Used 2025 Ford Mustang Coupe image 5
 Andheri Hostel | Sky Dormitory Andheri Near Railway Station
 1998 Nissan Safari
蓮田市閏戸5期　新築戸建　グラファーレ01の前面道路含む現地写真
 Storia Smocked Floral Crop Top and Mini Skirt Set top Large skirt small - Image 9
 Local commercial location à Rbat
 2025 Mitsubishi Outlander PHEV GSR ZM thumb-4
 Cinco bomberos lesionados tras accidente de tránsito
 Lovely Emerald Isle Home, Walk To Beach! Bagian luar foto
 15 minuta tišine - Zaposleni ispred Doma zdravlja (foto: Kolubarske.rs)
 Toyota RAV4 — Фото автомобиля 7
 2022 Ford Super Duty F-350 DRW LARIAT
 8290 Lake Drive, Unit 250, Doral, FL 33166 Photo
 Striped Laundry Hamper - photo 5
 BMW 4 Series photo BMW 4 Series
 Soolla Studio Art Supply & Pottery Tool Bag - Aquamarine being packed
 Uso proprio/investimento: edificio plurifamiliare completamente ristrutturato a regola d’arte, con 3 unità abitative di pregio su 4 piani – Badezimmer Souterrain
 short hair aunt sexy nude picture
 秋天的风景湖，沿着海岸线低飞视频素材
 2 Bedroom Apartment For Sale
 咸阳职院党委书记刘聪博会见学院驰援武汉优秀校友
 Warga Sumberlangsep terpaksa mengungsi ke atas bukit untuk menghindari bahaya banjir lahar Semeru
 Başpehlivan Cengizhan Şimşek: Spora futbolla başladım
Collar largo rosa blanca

__Task instructions__
Across the records, how many lines contain "Ford"? Only the number should be given.

__Written answer__
2